Volume 8 Issue 1 (2010)
DOI:10.1349/PS1.1537-0852.A.373
Note: Linguistic Discovery uses Unicode characters
to represent phonetic symbols. Please see Optimizing Display
for requirements to accurately reproduce this page.
Three Questions about Analyzing Semantic Maps
Comment on ‘Analyzing Semantic Maps: A Multifactorial
Approach’ by Andrej L. Malchukov (2009)
Bernhard Wälchli
University of Bern
1. Introduction
Malchukov (2009) argues that probabilistic semantic maps
(“similarity maps”) can be turned into implicational maps
(“semantic maps”) if conflicting factors are “featured
out”. As far as conflicting factors are concerned, this contribution to
the semantic map discussion is highly important because it is a further step
towjards a better understanding of the limitations of the isomorphism principle
(recurrent identity in form is similarity in meaning), which is the basis for
both implicational and probabilistic semantic maps. However, whether
Malchukov’s claim is true is an empirical question, of course. Personally,
I am convinced that he is mistaken. Implicational maps require a very strong
preselection of data, first of all on the level of granularity. The suggestion
that linguists have a choice between implicational maps and probabilistic maps
is an illusion—that choice is made by the datasets.
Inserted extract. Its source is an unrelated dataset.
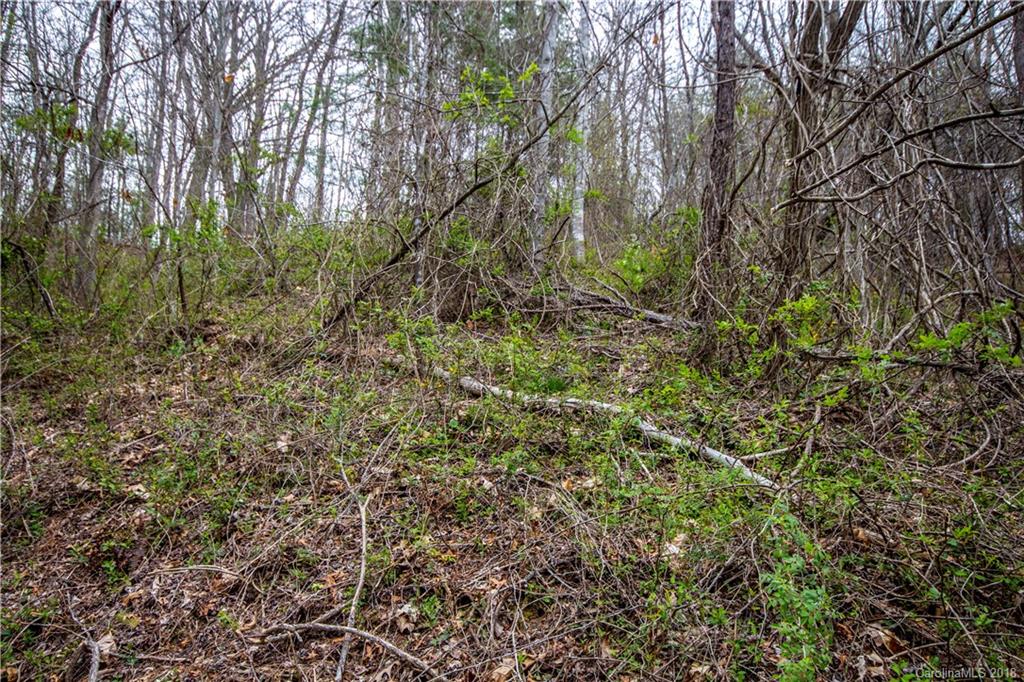 0 Hilltop Road Waynesville, NC 28786 - Photo 12 of 14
Most datasets do not
lend themselves to implicational maps, and the question is simply whether the
semantic map approach should be restricted to such datasets where an
implicational analysis is possible or whether we should be allowed to study
messier datasets with more robust methods of analysis. Here, I would like to
raise three questions about Malchukov’s approach.
My first question concerns the
treatment of conflicting evidence.
Malchukov takes it for granted that all cases of “formal similarity”
which do not reflect “semantic similarity” must be excluded. But
wouldn’t it be better to apply more robust methods for building semantic
maps, where a little noise does not do any harm?
The second question concerns the
definition of functions.
According to Malchukov, these are preselected. However, preselection remains
largely implicit. So, how are functions preselected?
The third question concerns Malchukov’s
underlying concept of
similarity
centering around the idea of adjacency, but not made fully
explicit in the paper. What is the underlying theory of similarity? I will argue
that the notion of adjacent functions is a matter of convenience without any
theoretical foundation.
2. Wouldn’t It Be Better
to Control for Noise Rather Than Exclude It?
Semantic maps rest on the assumption that
recurrent
formal identity reflects semantic similarity. Important is the word
recurrent, which means that some cases of formal identity may be
accidental, but all cases taken together reflect systematic
relationships.
I agree with Malchukov that there may be certain systematic exceptions
to this assumption—zero marking, for instance. However, Malchukov argues
that it is possible to control for interfering factors by excluding them in
building semantic maps. With interfering factors included, we get raw
“similarity maps”, with them excluded, we get refined
“semantic maps”, and only the latter are amenable to semantic
analysis, he argues. What I would like to know is how this is done in practice
in a concrete investigation resting on a large typological database. What
Malchukov does in practice is to consider conflicting factors only where they do
harm to the expected semantic map. He does not eliminate the factor; he
eliminates only its undesired effect. This is illicit. If “heavier”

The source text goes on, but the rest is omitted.